No doubt, your kid will choose the bigger number.

But you also want this to be a lesson in the risks involved in investing. You might talk about what a severe one-year decline of 40% or more might do to his investment and explain that bigger drops are more likely in investments that have the potential for bigger growth. Now how do you feel about that 7%?

Some teenagers will be perfectly fine accepting the risk. Others may be more skittish.

You also might explain that there are options that will not decline in value at all—such as CDs and money market accounts. But should he choose those safer options, he’ll be trading off high reward for that benefit of low risk. In fact, while his money will grow, it will likely not keep up with the rate at which prices grow (“inflation,” in adult terms). So his money will actually be worth less by the time he’s ready to retire.

Some risk, therefore, will likely be necessary in order to grow his money in a meaningful way.

Choose Investments Together

Assuming he can tolerate some fluctuation, a stock-based mutual fund is probably the most appropriate and profitable strategy—especially since a fund can theoretically offer him a ownership in hundreds of different securities even though he may only be investing a few thousand dollars. You might explain that this diversification protects against some of the risks of decline since some stocks will rise when others fall.

A particularly-suitable option might be a “target date” or “life cycle” fund. These offerings are geared toward a specific year in the future—for instance, one near the time at which your child might retire.

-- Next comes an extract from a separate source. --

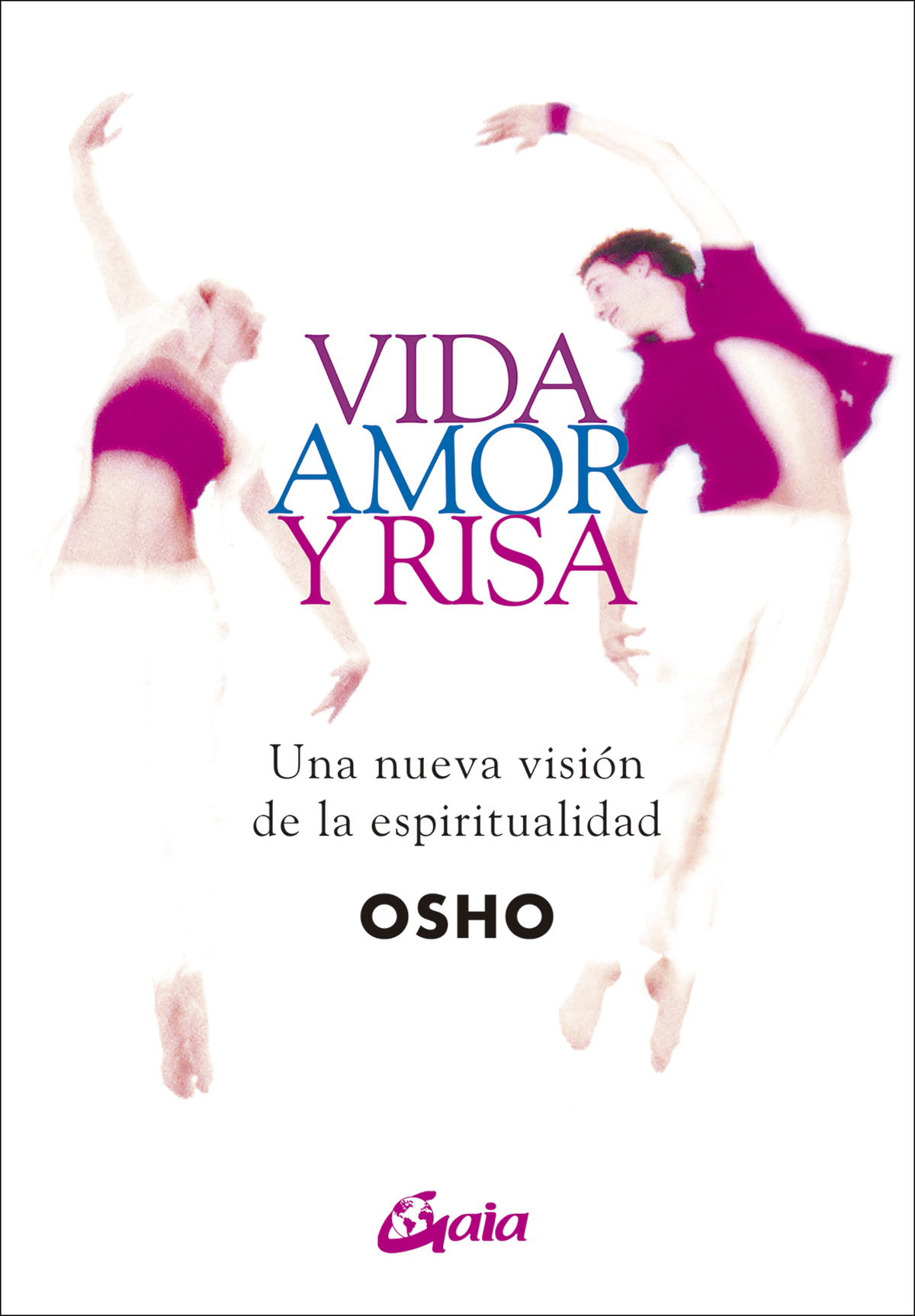 Vida, amor y risa: una nueva visión de la espiritualidad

Target date funds are usually a portfolio comprised of several different funds. The portfolio allocation starts out fairly aggressive, with a majority of the money invested in stock-based funds, and much smaller portion in bond funds or money market accounts.

As time goes by—and your child’s prospective retirement draws nearer—the allocation of the overall fund gradually becomes more conservative.

The value of the account can still rise and fall in the years nearing retirement, but with likely less volatility than what could be experienced in the early years.

One low-cost example of this type of investment is the Vanguard Retirement 2060 Fund (VTTSX).

Of course, if you choose a brokerage account for your child’s Roth IRA, you have the option of purchasing shares in a company that might be of particular interest to your kid. Choosing a company that is familiar to your child may not only inspire her to watch the stock and learn more about it, but eventually profit from the money she is spending on “her” company’s products.

If you’re going to go this route, you should include a discussion on the increased volatility (for better or worse) of owning one or two stocks, rather than the diversification offered by the aforementioned mutual fund.

Kevin McKinley is a financial planner and owner of McKinley Money LLC, a registered investment advisor in Eau Claire, Wisconsin. He’s also the author of Make Your Kid a Millionaire. His column appears weekly.